— REQUIRED ACTION —
Transcribe every line from the one containing "Cross-country skiers on" through the end of the records below, exactly, but not the pictures.

Stored data entries:
○ ○ ○ ○

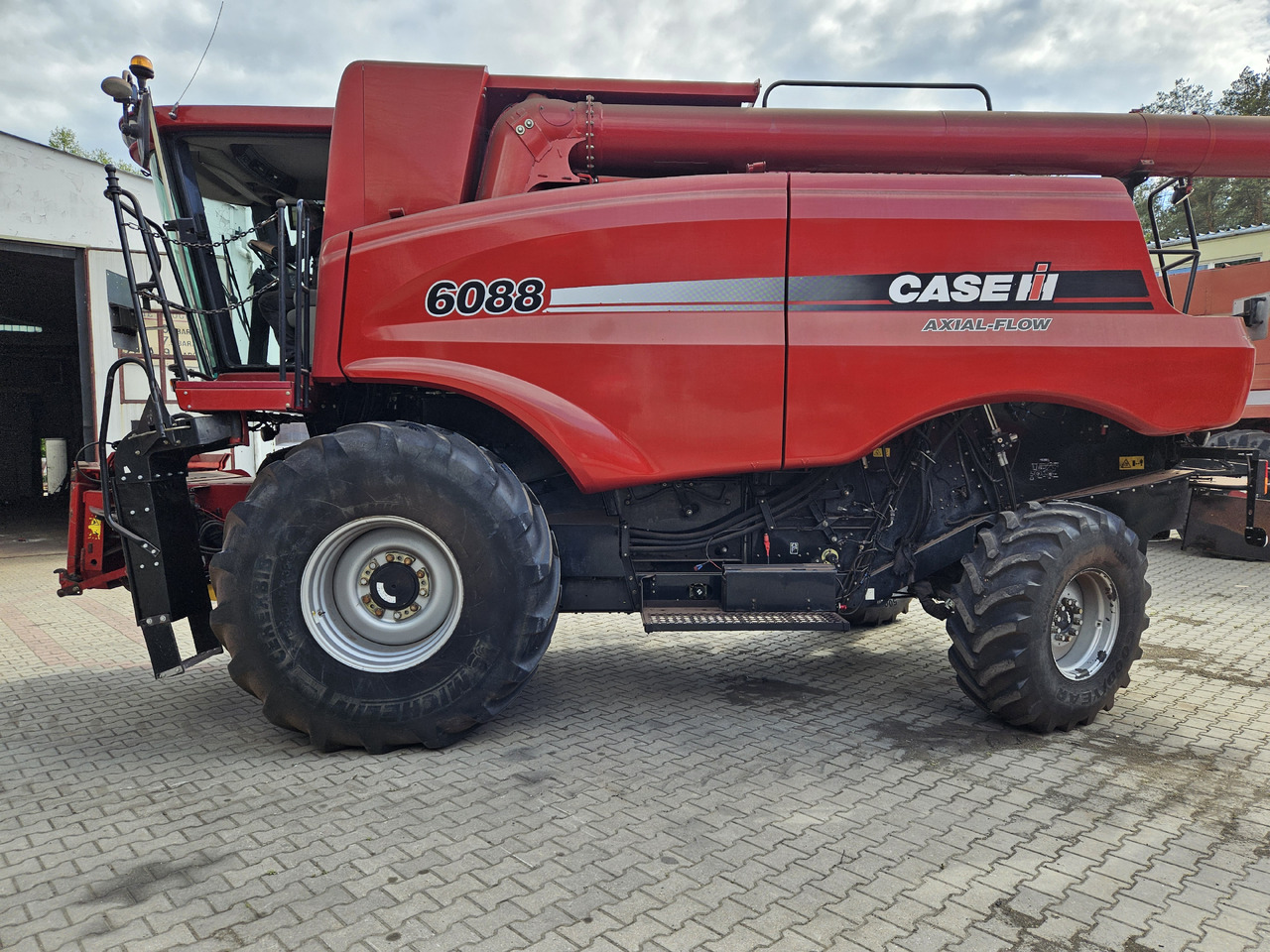 Case 6088 - Máy gặt đập: hình 5 Case 6088 - Máy gặt đập: hình 5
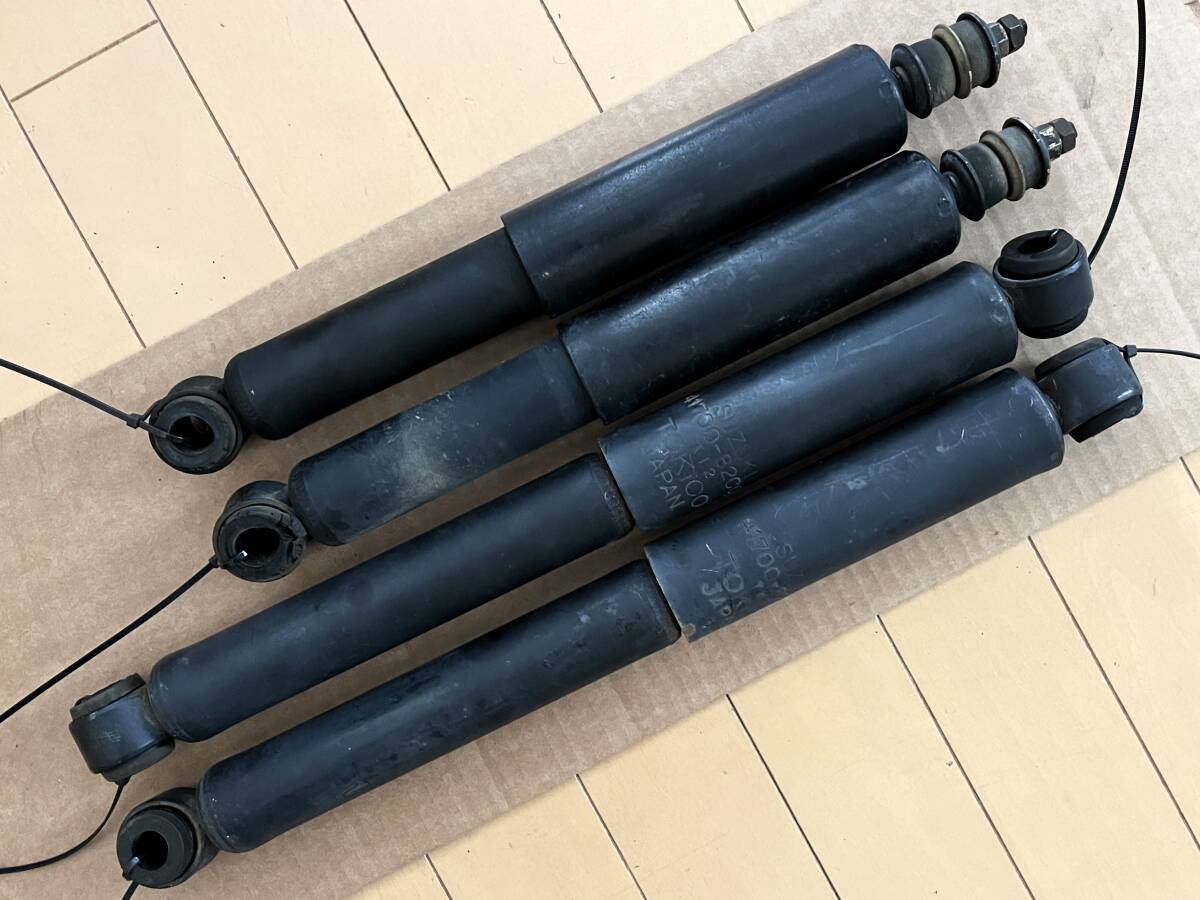 KYB / カヤバ JA11純正 減衰力8段調整式ショック のパーツ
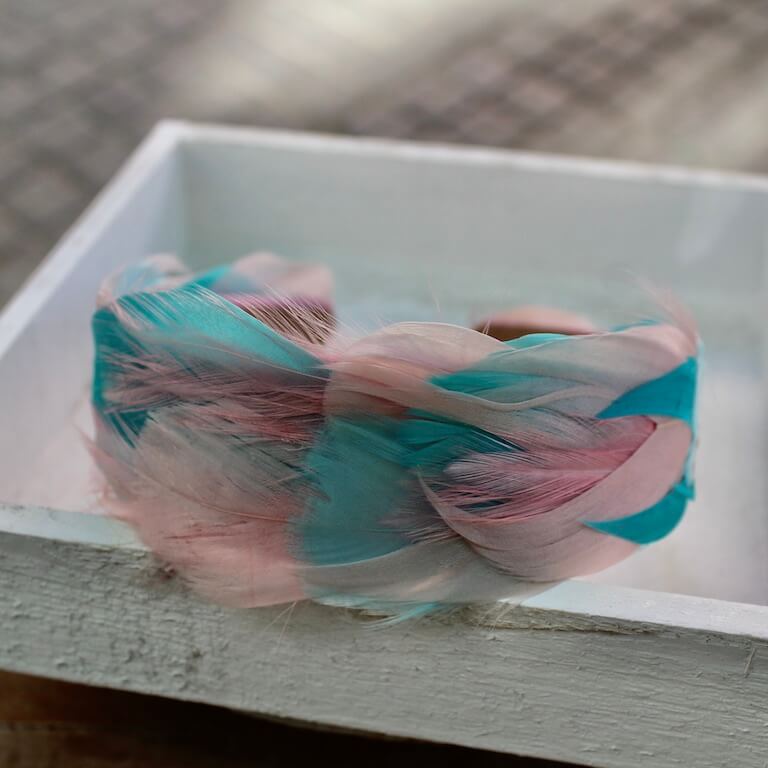 Diadema de plumas en tonos pastel - Imagen 5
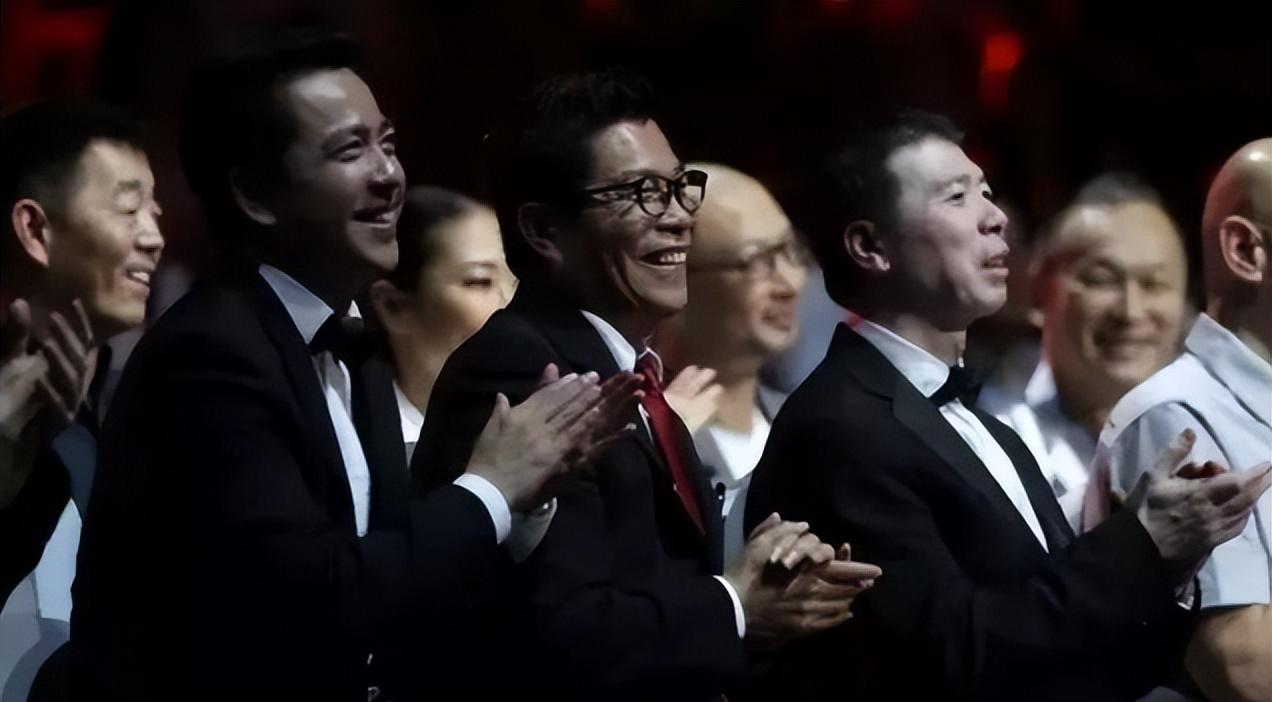 蒂姆·羅賓斯（被稱為影視大佬的馮小剛，也就只是個資本學徒）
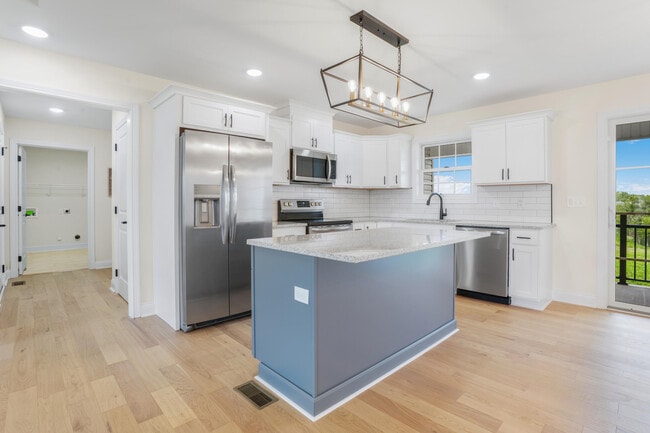 Building Photo - 5013 Bentwood Ct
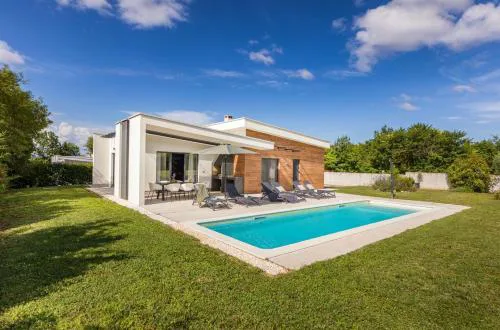 Villa Sama by Villsy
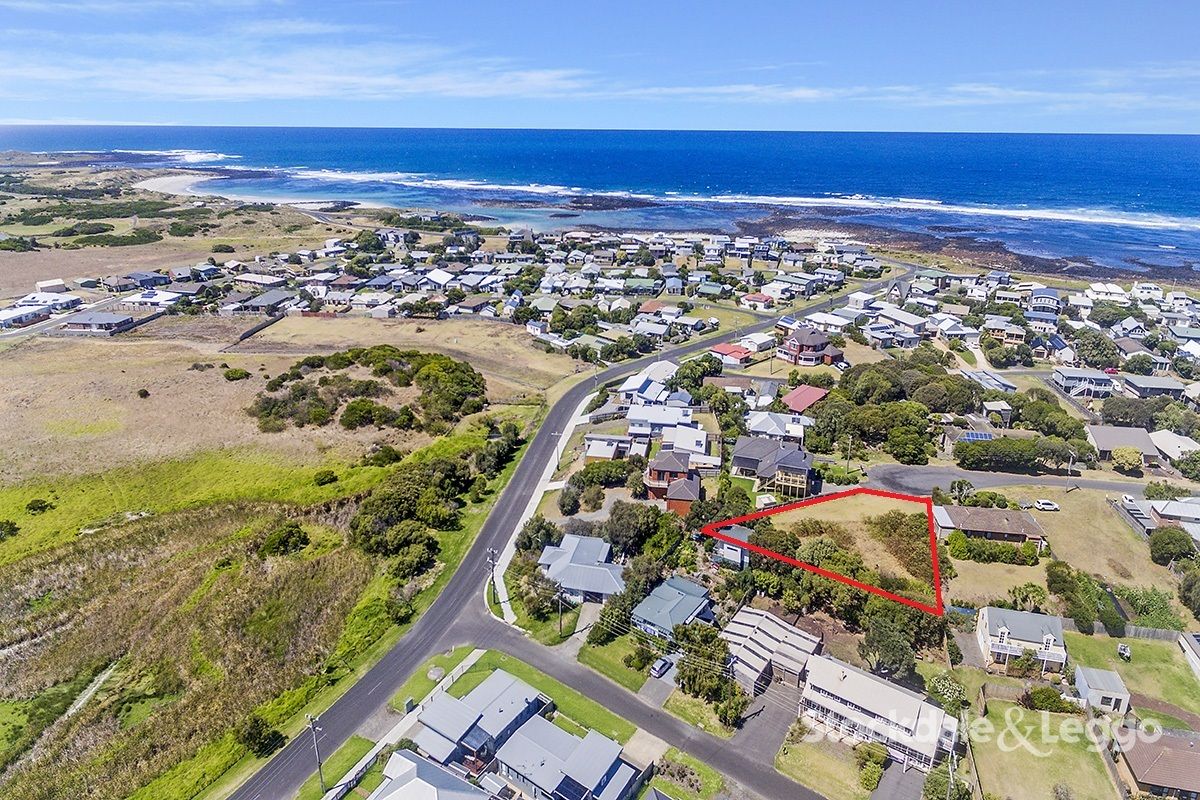 6 McCasker Court, Port Fairy VIC 3284, Image 2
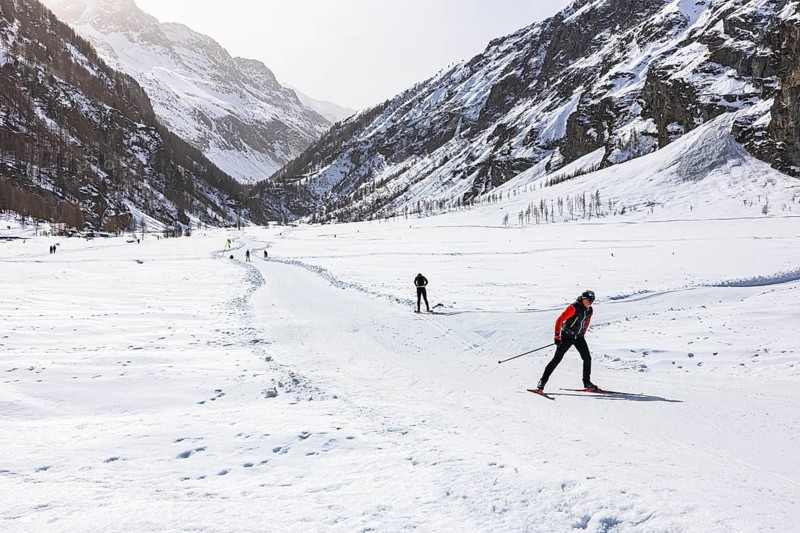 Cross-country skiers on the cross-country trail, Plat de la Lee, Zinal, Val d'Anniviers, Valais Alps, Canton of Valais, Switzerland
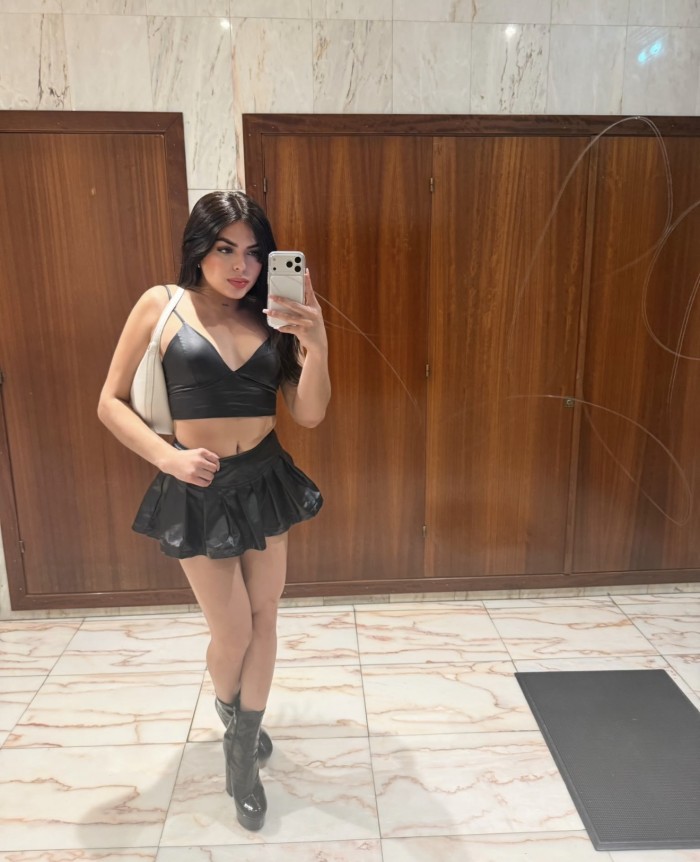 Trans muy zorrita con clase y estilo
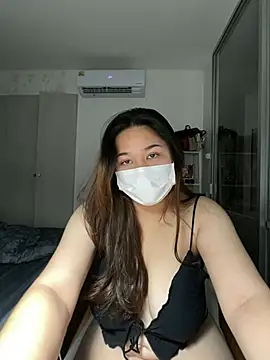 iamMalixxx online show from December 15, 1:00 pm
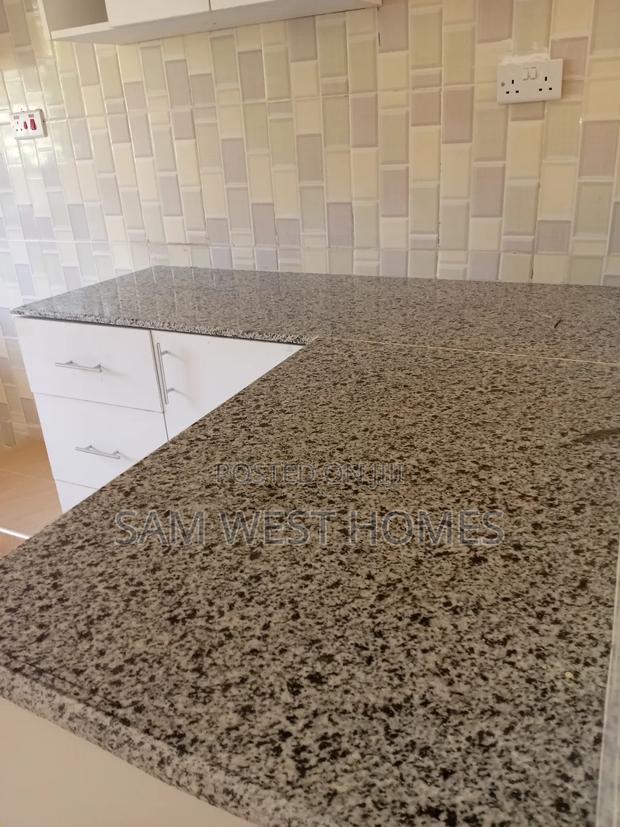 2 Bedroom Apartment All Ensuite - thumbnail 11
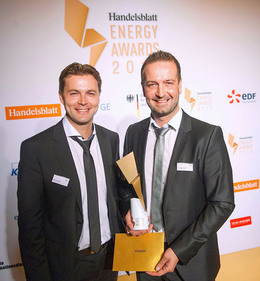 Markus Kreisel (li.) und Christian Schlögl durften sich über den Energy Award 2015 in der Kategorie „Mobilität” freuen. (©Kreisel Electric GmbH)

○ ○ ○ ○

— YOUR SOLUTION —
 Cross-country skiers on the cross-country trail, Plat de la Lee, Zinal, Val d'Anniviers, Valais Alps, Canton of Valais, Switzerland
 Trans muy zorrita con clase y estilo
 iamMalixxx online show from December 15, 1:00 pm
 2 Bedroom Apartment All Ensuite - thumbnail 11
 Markus Kreisel (li.) und Christian Schlögl durften sich über den Energy Award 2015 in der Kategorie „Mobilität” freuen. (©Kreisel Electric GmbH)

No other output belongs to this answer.